[Opening GIVEN DATA section]
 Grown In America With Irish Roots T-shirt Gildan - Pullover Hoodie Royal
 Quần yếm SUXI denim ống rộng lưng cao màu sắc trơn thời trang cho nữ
[Closing GIVEN DATA section]
[Opening GIVEN DATA section]
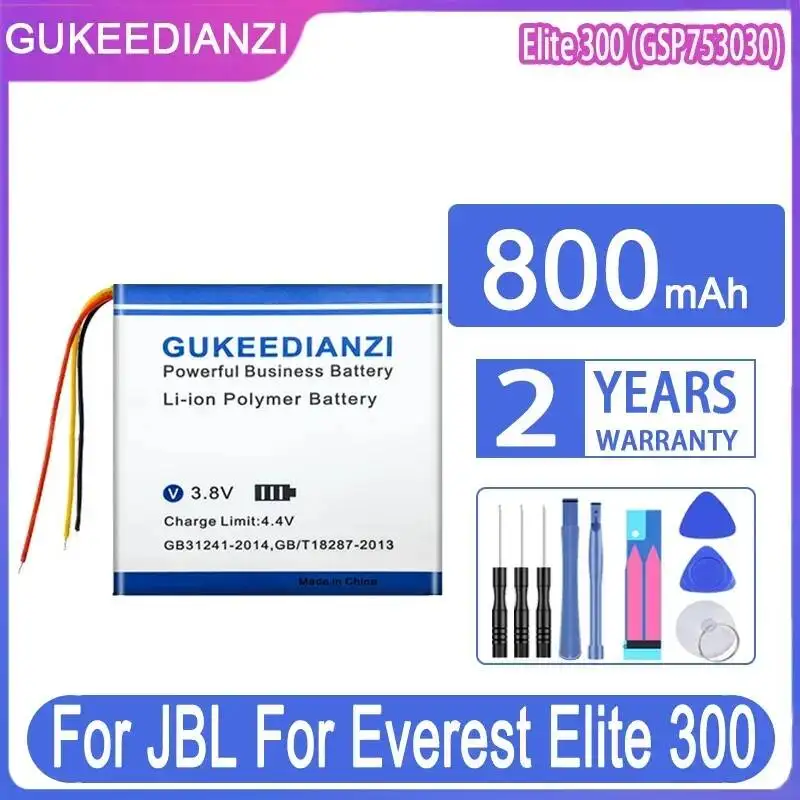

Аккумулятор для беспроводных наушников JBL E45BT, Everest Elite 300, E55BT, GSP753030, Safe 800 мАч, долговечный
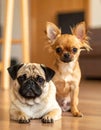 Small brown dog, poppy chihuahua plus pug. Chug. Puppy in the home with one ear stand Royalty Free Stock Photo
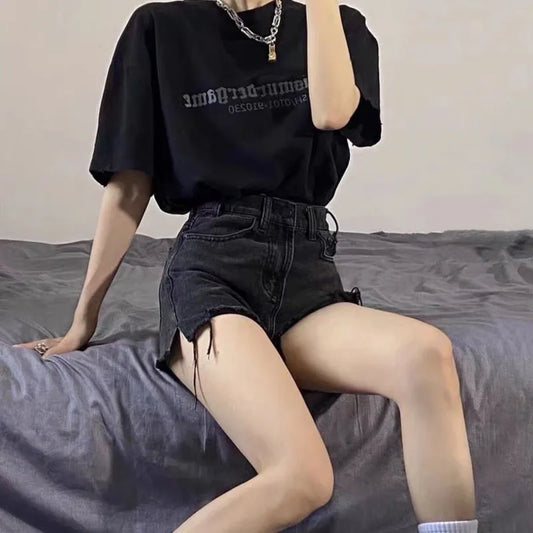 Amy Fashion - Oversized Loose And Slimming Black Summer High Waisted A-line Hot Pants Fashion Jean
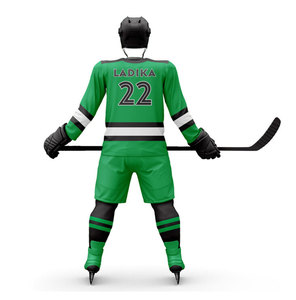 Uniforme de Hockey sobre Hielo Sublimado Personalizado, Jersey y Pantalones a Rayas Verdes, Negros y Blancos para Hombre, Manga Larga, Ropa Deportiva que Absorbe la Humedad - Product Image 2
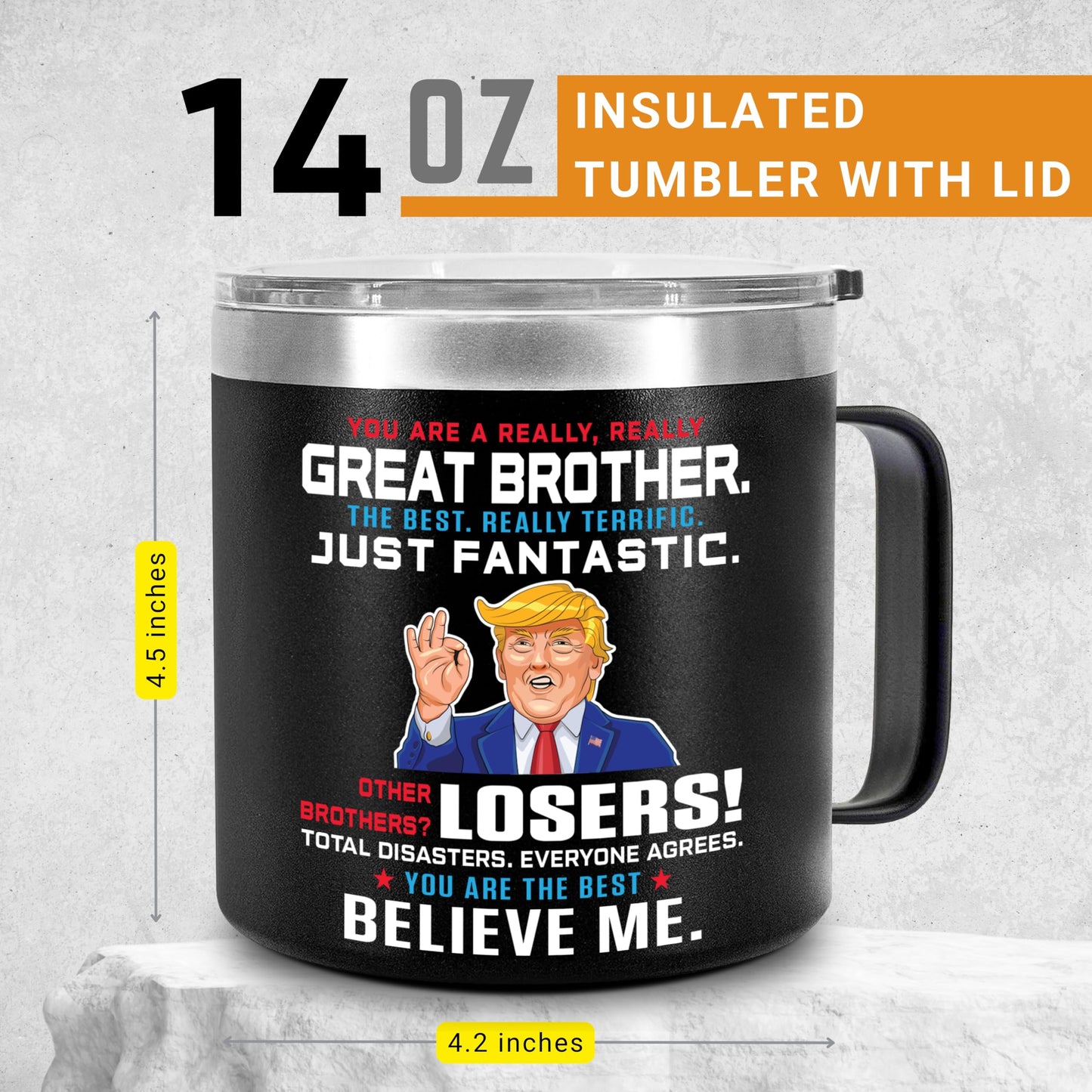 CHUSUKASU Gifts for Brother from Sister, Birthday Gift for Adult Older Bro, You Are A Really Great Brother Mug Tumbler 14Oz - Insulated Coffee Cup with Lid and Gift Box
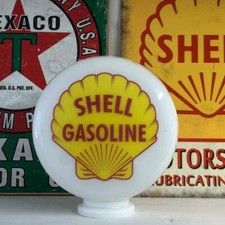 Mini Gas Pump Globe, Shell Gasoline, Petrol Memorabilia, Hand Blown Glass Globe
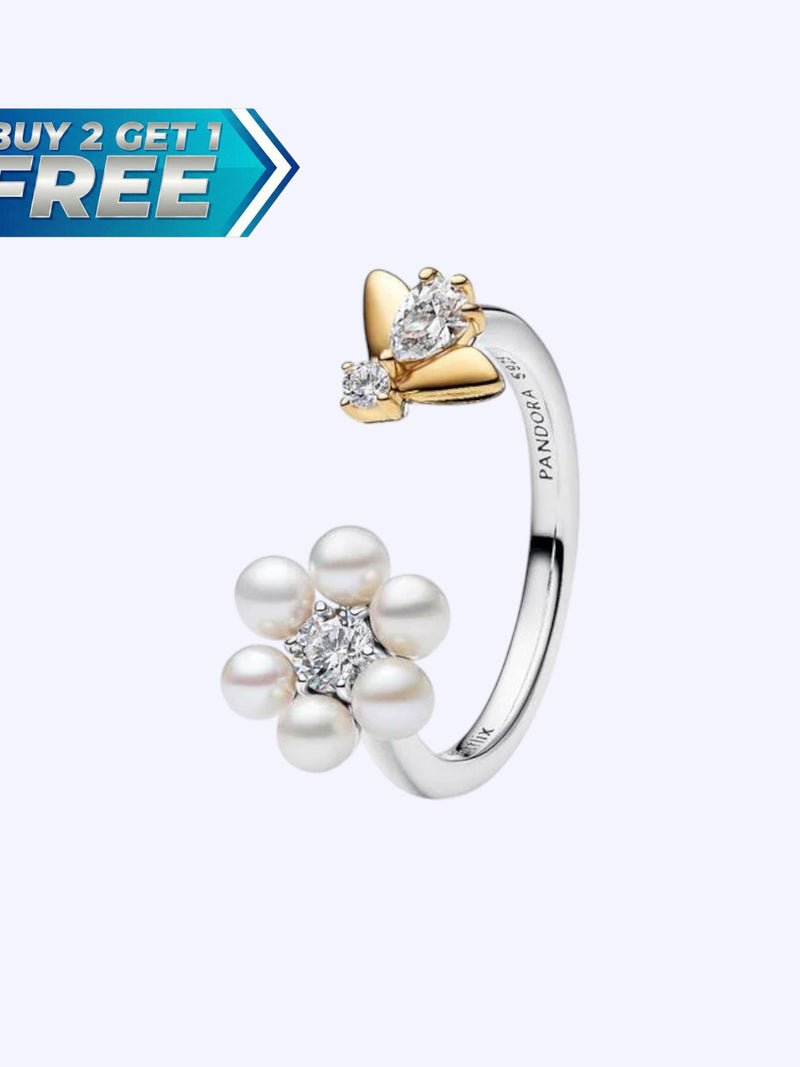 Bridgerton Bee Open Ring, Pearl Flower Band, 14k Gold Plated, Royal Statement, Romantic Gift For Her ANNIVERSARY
[Closing GIVEN DATA section]
[Opening GIVEN DATA section]
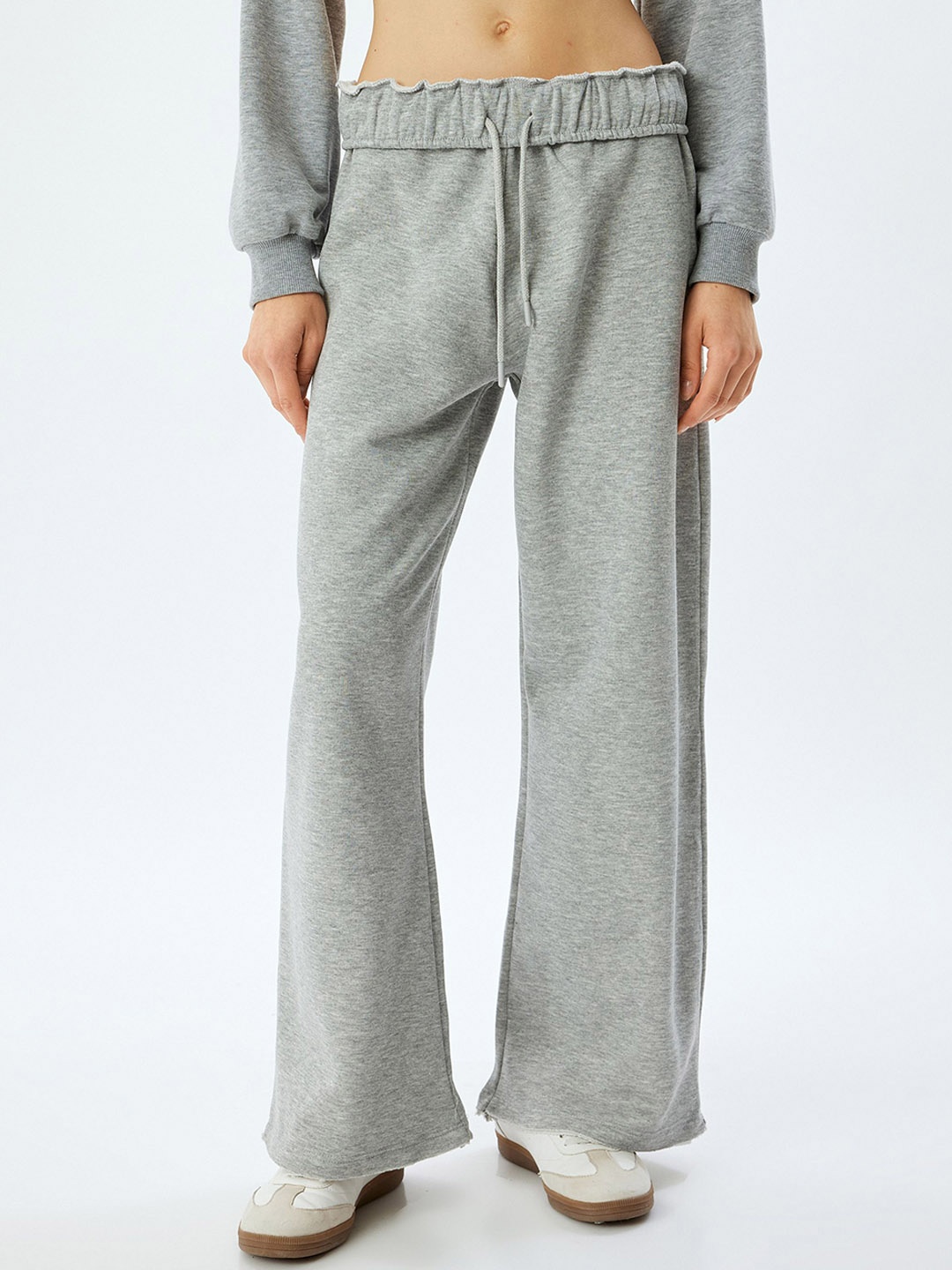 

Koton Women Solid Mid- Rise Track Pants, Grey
[Closing GIVEN DATA section]
TASK GOAL – Nothing but the lines above from the one that has "Small brown dog, poppy" down to the one that has "Bridgerton Bee Open" belongs in the answer, copied exactly, without pictures.

SOLUTION TO THIS TASK –
 Small brown dog, poppy chihuahua plus pug. Chug. Puppy in the home with one ear stand Royalty Free Stock Photo
 Amy Fashion - Oversized Loose And Slimming Black Summer High Waisted A-line Hot Pants Fashion Jean
 Uniforme de Hockey sobre Hielo Sublimado Personalizado, Jersey y Pantalones a Rayas Verdes, Negros y Blancos para Hombre, Manga Larga, Ropa Deportiva que Absorbe la Humedad - Product Image 2
 CHUSUKASU Gifts for Brother from Sister, Birthday Gift for Adult Older Bro, You Are A Really Great Brother Mug Tumbler 14Oz - Insulated Coffee Cup with Lid and Gift Box
 Mini Gas Pump Globe, Shell Gasoline, Petrol Memorabilia, Hand Blown Glass Globe
 Bridgerton Bee Open Ring, Pearl Flower Band, 14k Gold Plated, Royal Statement, Romantic Gift For Her ANNIVERSARY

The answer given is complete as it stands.